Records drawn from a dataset
'''
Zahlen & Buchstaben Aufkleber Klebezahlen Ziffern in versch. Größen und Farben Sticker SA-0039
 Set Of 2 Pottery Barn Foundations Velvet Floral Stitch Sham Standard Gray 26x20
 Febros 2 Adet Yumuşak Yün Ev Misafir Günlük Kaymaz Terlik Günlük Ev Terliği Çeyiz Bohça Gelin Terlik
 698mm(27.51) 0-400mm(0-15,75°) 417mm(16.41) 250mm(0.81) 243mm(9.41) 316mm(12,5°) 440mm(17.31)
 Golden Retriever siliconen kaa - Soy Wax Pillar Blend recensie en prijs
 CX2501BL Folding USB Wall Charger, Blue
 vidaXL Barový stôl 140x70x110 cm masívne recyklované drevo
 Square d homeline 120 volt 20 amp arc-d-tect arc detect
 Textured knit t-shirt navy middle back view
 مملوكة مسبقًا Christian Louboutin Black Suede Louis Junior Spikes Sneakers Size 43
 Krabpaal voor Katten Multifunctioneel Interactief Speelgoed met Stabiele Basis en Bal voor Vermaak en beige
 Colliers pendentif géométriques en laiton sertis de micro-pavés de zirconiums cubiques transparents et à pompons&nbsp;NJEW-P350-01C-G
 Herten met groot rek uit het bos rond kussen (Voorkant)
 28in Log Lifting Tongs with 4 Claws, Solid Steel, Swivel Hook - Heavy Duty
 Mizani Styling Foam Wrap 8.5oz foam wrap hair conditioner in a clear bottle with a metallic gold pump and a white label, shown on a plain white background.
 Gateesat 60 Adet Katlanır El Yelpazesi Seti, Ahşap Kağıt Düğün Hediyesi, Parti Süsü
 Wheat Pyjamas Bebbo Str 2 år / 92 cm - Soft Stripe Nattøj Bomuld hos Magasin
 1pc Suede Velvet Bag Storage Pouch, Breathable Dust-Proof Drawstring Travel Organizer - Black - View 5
'''
**WORK TO BE COMPLETED:** Copy, please, every line from the start of the entries down to the line that holds "Febros 2 Adet", with both of those lines included and no others.

**ANSWER SECTION:**
Zahlen & Buchstaben Aufkleber Klebezahlen Ziffern in versch. Größen und Farben Sticker SA-0039
 Set Of 2 Pottery Barn Foundations Velvet Floral Stitch Sham Standard Gray 26x20
 Febros 2 Adet Yumuşak Yün Ev Misafir Günlük Kaymaz Terlik Günlük Ev Terliği Çeyiz Bohça Gelin Terlik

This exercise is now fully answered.